Another recurring theme in therapy is learning how to tolerate moods. Sure, we all have “down times,” when depression or feelings of failure creep in. An eating-disordered person seeks relief from these feelings by resorting to her symptoms-bingeing and purging, for example.
As Marti, a twenty-nine-year-old woman, put it: “Some days I just can’t drag myself out of bed. I feel so hopeless-nothing is worth doing. I don’t care how I look. I don’t want to go anywhere or see anyone. Nothing cheers me up. Not the TV, not music, not even the comics in the newspaper. It all just seems so … so sad. The only thing I have energy for is eating. Once I start I just keep going. Cookies and leftover Halloween candy and stuff that’s been in the freezer probably since the Civil War. Anything. Then I puke. When I was a baby I comforted myself by sucking on my thumb. Now I do it by sucking food off a fork. Throwing up gives me the illusion that I’m in control. It’s pretty pathetic.”
Marti is describing feelings of depression, a mood she tries to lift by turning to food. For some people, food acts as a kind of substitute for the emotion itself. Others use food to calm themselves down after exploding in anger, or to soothe their guilt for feeling a “shameful” emotion, such as jealousy.
During therapy we explore these moods. We look at what causes them and how they disrupt the patient’s life. I try to help patients see that such moods are part of living. Expressing emotions is normal and nothing to be ashamed of. It’s what makes us human! However, in therapy we look for ways to avoid the things that trigger moods in the first place, and look for alternative ways to act when they do occur.

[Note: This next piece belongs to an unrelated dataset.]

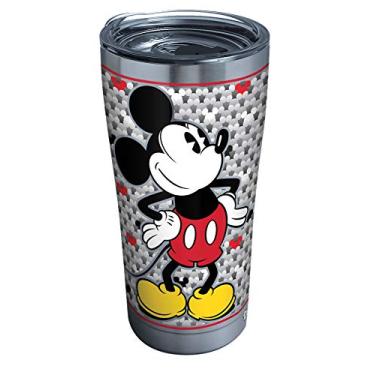 Imagem de Tervis Copo térmico de parede tripla Disney Mickey Mouse prata mantém as bebidas frias e quentes, 590 ml Legacy, aço inoxidável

Coping with maturity is another topic that crops up often. As we have seen, anorexia causes the patient to regress to a preadolescent state. Her starving body loses its womanly shape and functions. In therapy I encourage the patient to examine her feelings about growing up, to find out what it is that frightens her so. Does she fear being abandoned by her parents? Is she scared of the responsibilities of adulthood? Is starving a way to avoid dealing with other people and the risk of being rejected? What is going on inside?
For the bulimic, too, food and eating substitute for mature relationships. As Enid, a twenty-six-year-old patient, told me, “Friends can say mean things. They’re not always around when you need them for support. You can sleep with a man and in the morning the bastard is gone and you never see him again. That’s not true with food. Food is always there. And if it isn’t, you can just go buy some.”
In a way, individual therapy provides a model relationship that the patient can use to explore these issues of maturity. If handled properly, the patient develops trust in her therapist. She learns she can reveal secrets or make mistakes without betrayal or rejection. In the process, she sees how to handle feelings without falling back on the symptoms of her disorder.